● EXERCISE: The whole listing below is to be returned without alteration.
..........
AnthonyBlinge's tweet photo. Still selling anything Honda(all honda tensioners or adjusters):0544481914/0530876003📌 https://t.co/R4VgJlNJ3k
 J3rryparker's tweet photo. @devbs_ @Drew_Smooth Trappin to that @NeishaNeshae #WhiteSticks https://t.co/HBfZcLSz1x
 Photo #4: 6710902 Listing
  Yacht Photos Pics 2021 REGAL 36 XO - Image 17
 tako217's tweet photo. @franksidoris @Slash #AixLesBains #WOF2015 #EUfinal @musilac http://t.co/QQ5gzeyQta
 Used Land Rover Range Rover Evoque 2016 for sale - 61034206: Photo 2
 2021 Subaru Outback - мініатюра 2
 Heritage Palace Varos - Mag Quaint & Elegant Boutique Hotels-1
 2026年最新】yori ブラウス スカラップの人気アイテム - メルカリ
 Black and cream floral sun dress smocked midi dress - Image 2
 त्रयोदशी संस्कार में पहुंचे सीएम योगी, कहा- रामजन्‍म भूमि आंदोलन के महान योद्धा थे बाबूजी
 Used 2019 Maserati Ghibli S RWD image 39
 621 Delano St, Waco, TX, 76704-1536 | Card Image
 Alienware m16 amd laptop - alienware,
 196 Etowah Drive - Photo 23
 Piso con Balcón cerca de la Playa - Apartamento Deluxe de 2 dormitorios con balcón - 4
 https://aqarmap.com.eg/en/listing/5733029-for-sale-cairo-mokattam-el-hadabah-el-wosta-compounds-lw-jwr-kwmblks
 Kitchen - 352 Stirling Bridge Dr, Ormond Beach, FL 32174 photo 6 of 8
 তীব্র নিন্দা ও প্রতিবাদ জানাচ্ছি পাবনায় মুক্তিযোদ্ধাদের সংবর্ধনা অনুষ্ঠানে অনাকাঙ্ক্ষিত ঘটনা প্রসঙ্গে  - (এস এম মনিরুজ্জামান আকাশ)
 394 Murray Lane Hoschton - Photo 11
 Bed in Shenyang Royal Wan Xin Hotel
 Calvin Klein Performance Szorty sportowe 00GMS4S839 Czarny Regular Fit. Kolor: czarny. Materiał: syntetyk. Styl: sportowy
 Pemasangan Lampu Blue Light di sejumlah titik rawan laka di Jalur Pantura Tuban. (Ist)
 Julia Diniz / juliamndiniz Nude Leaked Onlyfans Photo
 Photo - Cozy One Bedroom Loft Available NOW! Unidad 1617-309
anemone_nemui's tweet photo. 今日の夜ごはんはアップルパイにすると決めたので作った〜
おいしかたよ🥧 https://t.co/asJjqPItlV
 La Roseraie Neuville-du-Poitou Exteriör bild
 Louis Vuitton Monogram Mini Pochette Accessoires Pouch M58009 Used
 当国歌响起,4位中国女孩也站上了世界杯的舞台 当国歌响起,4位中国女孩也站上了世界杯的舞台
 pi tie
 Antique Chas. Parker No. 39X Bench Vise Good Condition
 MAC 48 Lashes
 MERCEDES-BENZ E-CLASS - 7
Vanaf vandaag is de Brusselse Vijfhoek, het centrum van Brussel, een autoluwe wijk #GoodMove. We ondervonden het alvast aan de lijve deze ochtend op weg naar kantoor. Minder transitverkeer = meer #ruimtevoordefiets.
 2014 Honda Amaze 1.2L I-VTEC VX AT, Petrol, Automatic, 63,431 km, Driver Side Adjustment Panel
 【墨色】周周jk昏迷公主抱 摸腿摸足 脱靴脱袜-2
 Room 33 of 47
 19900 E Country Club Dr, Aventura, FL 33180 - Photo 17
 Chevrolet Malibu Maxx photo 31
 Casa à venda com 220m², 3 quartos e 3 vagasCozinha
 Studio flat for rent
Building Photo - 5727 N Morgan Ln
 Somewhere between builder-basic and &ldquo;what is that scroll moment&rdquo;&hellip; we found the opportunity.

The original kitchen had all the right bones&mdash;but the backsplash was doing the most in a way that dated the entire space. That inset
..........
● ANSWER FOR THE TASK:
AnthonyBlinge's tweet photo. Still selling anything Honda(all honda tensioners or adjusters):0544481914/0530876003📌 https://t.co/R4VgJlNJ3k
 J3rryparker's tweet photo. @devbs_ @Drew_Smooth Trappin to that @NeishaNeshae #WhiteSticks https://t.co/HBfZcLSz1x
 Photo #4: 6710902 Listing
  Yacht Photos Pics 2021 REGAL 36 XO - Image 17
 tako217's tweet photo. @franksidoris @Slash #AixLesBains #WOF2015 #EUfinal @musilac http://t.co/QQ5gzeyQta
 Used Land Rover Range Rover Evoque 2016 for sale - 61034206: Photo 2
 2021 Subaru Outback - мініатюра 2
 Heritage Palace Varos - Mag Quaint & Elegant Boutique Hotels-1
 2026年最新】yori ブラウス スカラップの人気アイテム - メルカリ
 Black and cream floral sun dress smocked midi dress - Image 2
 त्रयोदशी संस्कार में पहुंचे सीएम योगी, कहा- रामजन्‍म भूमि आंदोलन के महान योद्धा थे बाबूजी
 Used 2019 Maserati Ghibli S RWD image 39
 621 Delano St, Waco, TX, 76704-1536 | Card Image
 Alienware m16 amd laptop - alienware,
 196 Etowah Drive - Photo 23
 Piso con Balcón cerca de la Playa - Apartamento Deluxe de 2 dormitorios con balcón - 4
 https://aqarmap.com.eg/en/listing/5733029-for-sale-cairo-mokattam-el-hadabah-el-wosta-compounds-lw-jwr-kwmblks
 Kitchen - 352 Stirling Bridge Dr, Ormond Beach, FL 32174 photo 6 of 8
 তীব্র নিন্দা ও প্রতিবাদ জানাচ্ছি পাবনায় মুক্তিযোদ্ধাদের সংবর্ধনা অনুষ্ঠানে অনাকাঙ্ক্ষিত ঘটনা প্রসঙ্গে  - (এস এম মনিরুজ্জামান আকাশ)
 394 Murray Lane Hoschton - Photo 11
 Bed in Shenyang Royal Wan Xin Hotel
 Calvin Klein Performance Szorty sportowe 00GMS4S839 Czarny Regular Fit. Kolor: czarny. Materiał: syntetyk. Styl: sportowy
 Pemasangan Lampu Blue Light di sejumlah titik rawan laka di Jalur Pantura Tuban. (Ist)
 Julia Diniz / juliamndiniz Nude Leaked Onlyfans Photo
 Photo - Cozy One Bedroom Loft Available NOW! Unidad 1617-309
anemone_nemui's tweet photo. 今日の夜ごはんはアップルパイにすると決めたので作った〜
おいしかたよ🥧 https://t.co/asJjqPItlV
 La Roseraie Neuville-du-Poitou Exteriör bild
 Louis Vuitton Monogram Mini Pochette Accessoires Pouch M58009 Used
 当国歌响起,4位中国女孩也站上了世界杯的舞台 当国歌响起,4位中国女孩也站上了世界杯的舞台
 pi tie
 Antique Chas. Parker No. 39X Bench Vise Good Condition
 MAC 48 Lashes
 MERCEDES-BENZ E-CLASS - 7
Vanaf vandaag is de Brusselse Vijfhoek, het centrum van Brussel, een autoluwe wijk #GoodMove. We ondervonden het alvast aan de lijve deze ochtend op weg naar kantoor. Minder transitverkeer = meer #ruimtevoordefiets.
 2014 Honda Amaze 1.2L I-VTEC VX AT, Petrol, Automatic, 63,431 km, Driver Side Adjustment Panel
 【墨色】周周jk昏迷公主抱 摸腿摸足 脱靴脱袜-2
 Room 33 of 47
 19900 E Country Club Dr, Aventura, FL 33180 - Photo 17
 Chevrolet Malibu Maxx photo 31
 Casa à venda com 220m², 3 quartos e 3 vagasCozinha
 Studio flat for rent
Building Photo - 5727 N Morgan Ln
 Somewhere between builder-basic and &ldquo;what is that scroll moment&rdquo;&hellip; we found the opportunity.

The original kitchen had all the right bones&mdash;but the backsplash was doing the most in a way that dated the entire space. That inset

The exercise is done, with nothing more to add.